> Exercise directions:
For each line below with the word "Exterior", write out a copy.

[Records from a collection]
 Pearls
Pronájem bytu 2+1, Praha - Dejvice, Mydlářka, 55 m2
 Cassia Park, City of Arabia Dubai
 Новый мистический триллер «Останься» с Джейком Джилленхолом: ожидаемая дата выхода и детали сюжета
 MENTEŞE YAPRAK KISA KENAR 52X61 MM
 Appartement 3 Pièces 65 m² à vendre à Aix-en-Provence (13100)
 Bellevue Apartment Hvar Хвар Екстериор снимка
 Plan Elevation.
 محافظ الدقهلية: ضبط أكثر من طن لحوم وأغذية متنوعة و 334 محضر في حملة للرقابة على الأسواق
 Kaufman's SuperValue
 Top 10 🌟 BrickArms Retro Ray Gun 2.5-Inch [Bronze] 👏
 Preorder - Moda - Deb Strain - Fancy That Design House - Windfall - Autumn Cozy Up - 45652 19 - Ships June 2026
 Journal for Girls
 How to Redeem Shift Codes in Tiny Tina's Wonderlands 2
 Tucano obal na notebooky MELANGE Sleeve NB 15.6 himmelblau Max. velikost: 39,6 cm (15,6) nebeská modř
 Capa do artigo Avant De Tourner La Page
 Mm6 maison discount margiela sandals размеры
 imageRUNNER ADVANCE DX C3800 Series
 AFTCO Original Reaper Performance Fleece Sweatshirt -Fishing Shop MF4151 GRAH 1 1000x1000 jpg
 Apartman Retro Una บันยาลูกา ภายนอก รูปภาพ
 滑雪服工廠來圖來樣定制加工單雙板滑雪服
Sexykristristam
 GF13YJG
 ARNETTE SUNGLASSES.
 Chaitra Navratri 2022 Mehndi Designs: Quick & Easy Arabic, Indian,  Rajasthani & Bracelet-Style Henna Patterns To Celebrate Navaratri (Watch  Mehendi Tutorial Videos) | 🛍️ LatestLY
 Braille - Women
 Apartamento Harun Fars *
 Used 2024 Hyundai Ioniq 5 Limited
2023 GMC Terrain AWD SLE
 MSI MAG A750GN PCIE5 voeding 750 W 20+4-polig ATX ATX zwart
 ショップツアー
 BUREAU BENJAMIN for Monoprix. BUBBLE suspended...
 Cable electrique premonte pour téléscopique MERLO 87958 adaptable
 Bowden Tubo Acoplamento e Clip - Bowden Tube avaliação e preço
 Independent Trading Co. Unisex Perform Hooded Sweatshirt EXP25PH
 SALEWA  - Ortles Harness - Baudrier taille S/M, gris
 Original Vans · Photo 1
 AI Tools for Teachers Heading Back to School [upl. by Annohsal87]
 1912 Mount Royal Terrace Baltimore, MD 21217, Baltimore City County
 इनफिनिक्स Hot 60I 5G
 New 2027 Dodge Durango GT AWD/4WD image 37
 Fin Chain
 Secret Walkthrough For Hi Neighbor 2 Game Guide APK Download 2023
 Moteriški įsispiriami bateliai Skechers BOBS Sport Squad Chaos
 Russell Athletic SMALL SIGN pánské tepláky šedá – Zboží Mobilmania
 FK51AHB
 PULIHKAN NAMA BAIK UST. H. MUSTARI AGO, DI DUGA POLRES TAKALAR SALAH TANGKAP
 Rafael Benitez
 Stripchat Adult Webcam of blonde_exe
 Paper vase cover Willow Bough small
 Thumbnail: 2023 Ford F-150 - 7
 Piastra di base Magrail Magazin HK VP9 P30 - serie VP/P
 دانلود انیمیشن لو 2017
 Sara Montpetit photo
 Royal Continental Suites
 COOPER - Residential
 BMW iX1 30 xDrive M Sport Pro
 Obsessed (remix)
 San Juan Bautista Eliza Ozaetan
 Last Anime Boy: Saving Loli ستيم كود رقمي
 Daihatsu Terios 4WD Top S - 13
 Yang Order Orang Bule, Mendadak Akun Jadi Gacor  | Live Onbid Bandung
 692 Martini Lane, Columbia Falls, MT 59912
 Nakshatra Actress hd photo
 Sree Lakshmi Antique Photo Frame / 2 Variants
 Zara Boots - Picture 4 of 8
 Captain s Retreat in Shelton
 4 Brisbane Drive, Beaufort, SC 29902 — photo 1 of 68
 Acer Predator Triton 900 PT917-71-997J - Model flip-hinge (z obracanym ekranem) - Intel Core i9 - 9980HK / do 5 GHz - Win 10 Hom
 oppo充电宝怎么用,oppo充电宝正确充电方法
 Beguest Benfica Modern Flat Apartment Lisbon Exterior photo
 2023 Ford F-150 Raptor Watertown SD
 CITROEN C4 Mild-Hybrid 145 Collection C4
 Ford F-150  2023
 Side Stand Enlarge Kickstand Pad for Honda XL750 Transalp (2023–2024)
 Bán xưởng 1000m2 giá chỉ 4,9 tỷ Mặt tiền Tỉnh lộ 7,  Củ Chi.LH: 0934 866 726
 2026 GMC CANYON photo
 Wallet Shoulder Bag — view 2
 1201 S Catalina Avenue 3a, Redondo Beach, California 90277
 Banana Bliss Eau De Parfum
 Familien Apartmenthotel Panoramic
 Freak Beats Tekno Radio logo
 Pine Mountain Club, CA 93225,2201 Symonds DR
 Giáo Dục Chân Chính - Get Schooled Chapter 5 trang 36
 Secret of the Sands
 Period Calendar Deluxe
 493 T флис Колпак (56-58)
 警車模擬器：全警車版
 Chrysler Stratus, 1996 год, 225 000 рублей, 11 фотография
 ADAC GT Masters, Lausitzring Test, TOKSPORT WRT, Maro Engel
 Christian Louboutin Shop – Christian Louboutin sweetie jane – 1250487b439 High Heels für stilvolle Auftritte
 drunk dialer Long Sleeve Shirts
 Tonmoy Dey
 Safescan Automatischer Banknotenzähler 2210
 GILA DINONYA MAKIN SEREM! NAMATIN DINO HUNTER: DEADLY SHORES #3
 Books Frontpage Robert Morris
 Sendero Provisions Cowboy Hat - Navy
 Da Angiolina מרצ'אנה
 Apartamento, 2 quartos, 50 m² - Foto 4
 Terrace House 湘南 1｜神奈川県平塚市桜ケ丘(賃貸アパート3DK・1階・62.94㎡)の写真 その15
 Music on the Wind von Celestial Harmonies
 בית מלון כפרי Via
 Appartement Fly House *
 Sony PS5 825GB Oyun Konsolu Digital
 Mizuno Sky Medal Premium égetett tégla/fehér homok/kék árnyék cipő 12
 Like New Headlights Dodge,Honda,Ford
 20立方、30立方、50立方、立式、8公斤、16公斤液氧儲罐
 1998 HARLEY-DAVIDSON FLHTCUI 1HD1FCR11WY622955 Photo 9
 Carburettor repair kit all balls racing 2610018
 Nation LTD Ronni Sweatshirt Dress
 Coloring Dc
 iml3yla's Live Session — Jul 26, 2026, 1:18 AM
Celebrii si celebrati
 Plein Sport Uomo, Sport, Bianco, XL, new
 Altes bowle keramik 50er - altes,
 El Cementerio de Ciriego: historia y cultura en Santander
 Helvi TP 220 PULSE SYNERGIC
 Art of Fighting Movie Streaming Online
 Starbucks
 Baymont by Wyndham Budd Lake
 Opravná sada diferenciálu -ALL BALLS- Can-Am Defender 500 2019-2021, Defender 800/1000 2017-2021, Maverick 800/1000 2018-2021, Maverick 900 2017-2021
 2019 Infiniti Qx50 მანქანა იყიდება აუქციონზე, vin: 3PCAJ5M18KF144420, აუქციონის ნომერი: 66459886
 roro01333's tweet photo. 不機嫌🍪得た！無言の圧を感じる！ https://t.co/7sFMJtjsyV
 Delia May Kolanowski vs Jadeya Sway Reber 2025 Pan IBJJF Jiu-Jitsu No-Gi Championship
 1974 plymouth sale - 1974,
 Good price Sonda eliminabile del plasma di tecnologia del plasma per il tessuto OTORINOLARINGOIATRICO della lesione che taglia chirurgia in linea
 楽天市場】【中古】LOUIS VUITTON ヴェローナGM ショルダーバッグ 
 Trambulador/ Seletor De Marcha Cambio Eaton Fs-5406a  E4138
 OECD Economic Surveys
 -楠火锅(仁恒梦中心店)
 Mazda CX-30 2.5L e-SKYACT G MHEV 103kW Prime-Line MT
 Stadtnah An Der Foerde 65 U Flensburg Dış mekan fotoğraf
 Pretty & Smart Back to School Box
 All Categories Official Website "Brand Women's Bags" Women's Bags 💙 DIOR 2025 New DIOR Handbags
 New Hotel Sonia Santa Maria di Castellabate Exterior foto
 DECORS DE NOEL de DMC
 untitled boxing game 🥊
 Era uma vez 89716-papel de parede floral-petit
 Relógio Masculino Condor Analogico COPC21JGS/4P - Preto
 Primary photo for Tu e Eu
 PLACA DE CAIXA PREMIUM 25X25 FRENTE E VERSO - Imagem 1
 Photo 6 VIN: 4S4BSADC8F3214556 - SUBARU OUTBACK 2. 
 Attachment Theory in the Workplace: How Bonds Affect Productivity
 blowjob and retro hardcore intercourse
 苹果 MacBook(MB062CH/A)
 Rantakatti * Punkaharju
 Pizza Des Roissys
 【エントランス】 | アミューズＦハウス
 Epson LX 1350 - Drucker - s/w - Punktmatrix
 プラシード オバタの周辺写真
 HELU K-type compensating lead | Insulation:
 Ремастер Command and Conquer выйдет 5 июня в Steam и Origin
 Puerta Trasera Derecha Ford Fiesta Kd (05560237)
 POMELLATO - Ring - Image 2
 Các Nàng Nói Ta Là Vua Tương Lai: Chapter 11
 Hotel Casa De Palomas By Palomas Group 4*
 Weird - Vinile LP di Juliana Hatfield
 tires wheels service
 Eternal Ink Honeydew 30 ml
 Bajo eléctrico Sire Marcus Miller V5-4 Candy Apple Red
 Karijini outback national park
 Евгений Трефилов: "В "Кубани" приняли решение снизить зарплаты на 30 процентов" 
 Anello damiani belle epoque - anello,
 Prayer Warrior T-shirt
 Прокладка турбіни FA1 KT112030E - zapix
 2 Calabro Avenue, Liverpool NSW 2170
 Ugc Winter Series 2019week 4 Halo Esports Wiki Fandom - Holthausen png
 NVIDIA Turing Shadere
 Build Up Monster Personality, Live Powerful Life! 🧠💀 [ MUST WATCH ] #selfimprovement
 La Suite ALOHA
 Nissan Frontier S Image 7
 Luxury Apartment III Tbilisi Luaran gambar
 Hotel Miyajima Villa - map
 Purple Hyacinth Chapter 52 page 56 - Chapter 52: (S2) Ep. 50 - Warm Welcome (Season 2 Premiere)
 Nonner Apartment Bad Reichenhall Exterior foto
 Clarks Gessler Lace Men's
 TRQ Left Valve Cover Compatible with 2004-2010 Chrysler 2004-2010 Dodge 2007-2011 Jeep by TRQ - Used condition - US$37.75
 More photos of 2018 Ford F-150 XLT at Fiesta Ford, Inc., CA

> Output of the task:
 Beguest Benfica Modern Flat Apartment Lisbon Exterior photo
 New Hotel Sonia Santa Maria di Castellabate Exterior foto
 Nonner Apartment Bad Reichenhall Exterior foto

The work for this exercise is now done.